- **Exercise objective**:
Print the data below exactly, but only the lines from the one containing "[SARH5250] Ajrakh Chinon Sarees 5033" down to the one containing "冬季新款时尚中年女加绒保暖外套气质减龄休闲拉链polo领女装", inclusive.

- **Dataset excerpts**:
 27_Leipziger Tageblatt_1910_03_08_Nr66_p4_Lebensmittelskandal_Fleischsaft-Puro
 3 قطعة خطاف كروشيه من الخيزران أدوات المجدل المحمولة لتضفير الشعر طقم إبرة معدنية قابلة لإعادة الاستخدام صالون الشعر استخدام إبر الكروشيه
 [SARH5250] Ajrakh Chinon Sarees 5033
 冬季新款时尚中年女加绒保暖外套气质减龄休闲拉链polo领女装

--

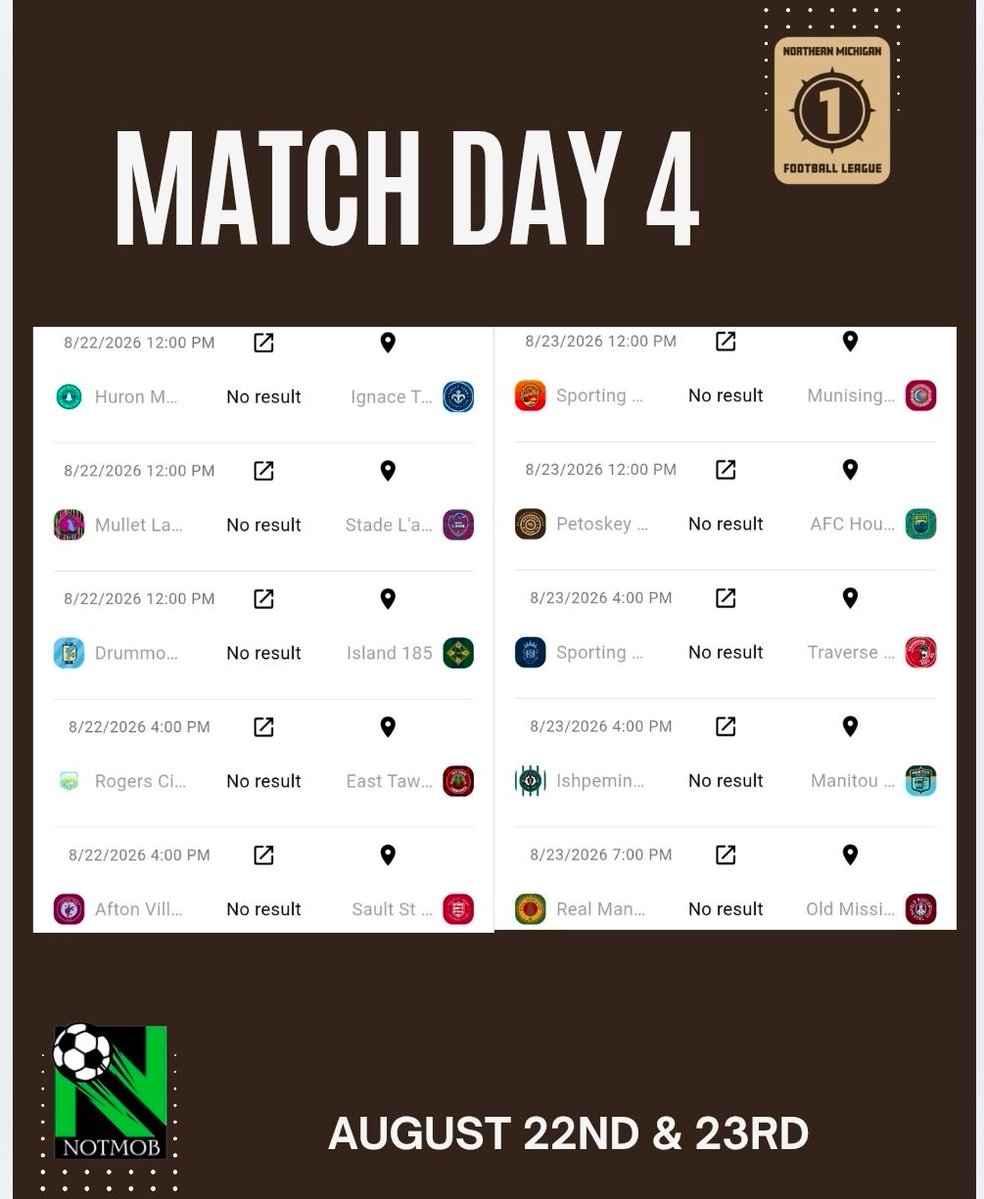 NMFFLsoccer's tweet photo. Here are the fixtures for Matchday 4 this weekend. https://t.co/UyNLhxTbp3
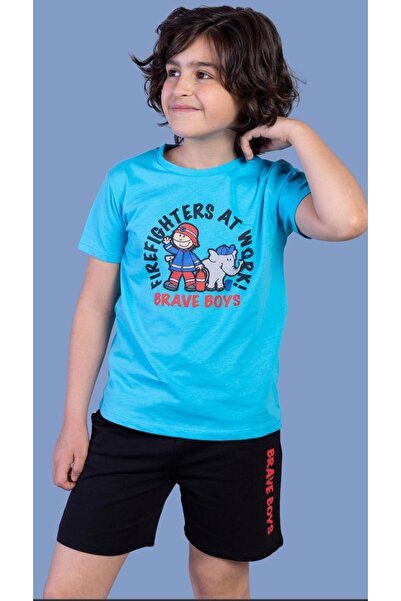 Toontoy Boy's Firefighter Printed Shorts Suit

- **Task output**:
 [SARH5250] Ajrakh Chinon Sarees 5033
 冬季新款时尚中年女加绒保暖外套气质减龄休闲拉链polo领女装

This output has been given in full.